Observaba abstraída el fluir del agua, mientras sentía sobre mi rostro la calidez de un líquido que había olvidado años atrás. Una a una, fueron recorriendo mis mejillas para concluir con un suave temblor sobre la barbilla. Algo dentro de mí se vació en aquel momento. Todo cuanto guardaba fluyó como un torrente desbordando mis ojos y convulsionando mi cuerpo. La vergüenza que pudiera sentir por lo ocurrido en el baño aquella noche, sodomizada por mi propia mano, ensartada por un desodorante y meada completamente, no era nada si Patricia descubría algún día lo que había hecho durante aquellos diez meses. Lloré y lloré como si jamás lo hubiera hecho antes.
Toda la gloria para mí, todo el éxito, todas las felicitaciones del partido, pero también toda la miseria, toda la soledad y toda la culpa que brotaba de mi alma.
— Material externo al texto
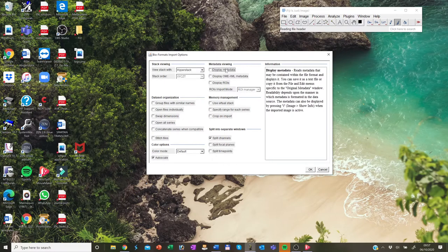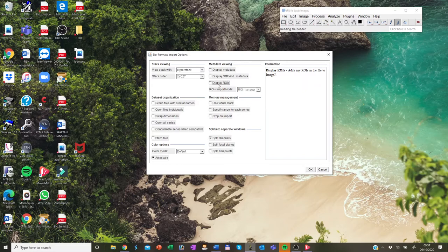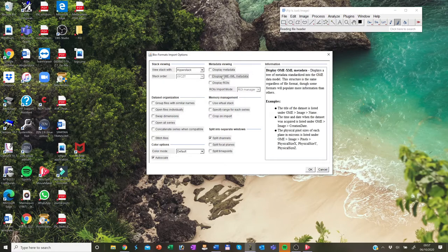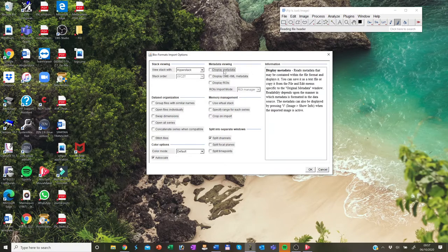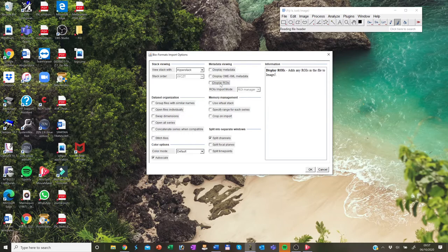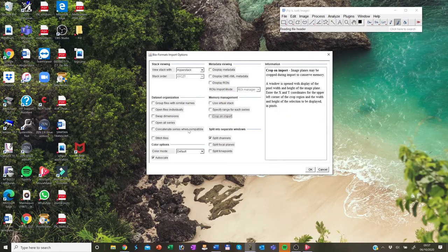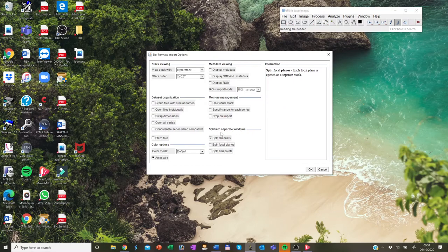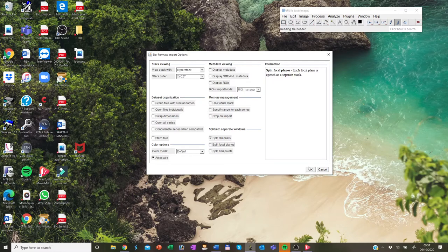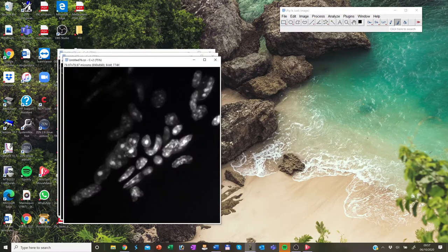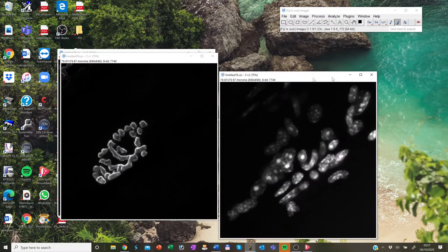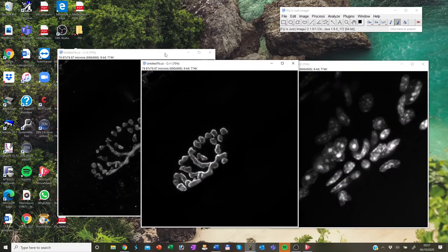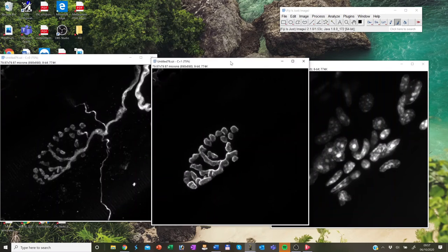And in here you have quite a lot of options how you would like to open up your images. Every time you hover your mouse over a box on the right side in this window, it will give you information and guidance whether you would like to tick that box or not. For example, in here split into separate windows, I click split channels. So I would like to open up my images that all three channels are split in different windows and I click OK and I have all my three channels separated here.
Sentí unos fuertes brazos rodear mi espalda. Con cuidado lograron recostarme sobre su pecho al tiempo que pasaba un brazo bajo mis piernas. No recuerdo el agua tibia recorrer mi cuerpo, no recuerdo el jabón cubrir mi piel, tan solo recuerdo aquella cálida boca posarse sobre mis hinchados párpados besándolos tiernamente.
—Lo… siento… —fue lo único que pude balbucear.
—No te preocupes mi amor, habrá otros trabajos. Lo importante es que tú estés bien. —La escasa fuerza que conservaban mis brazos la utilicé para aferrarme con fuerza al pecho de Carlos. Su abrazo protector permitió que volviera la vista atrás, sin miedos, sin vértigos, mirando de frente la que había sido mi verdad o mi mentira.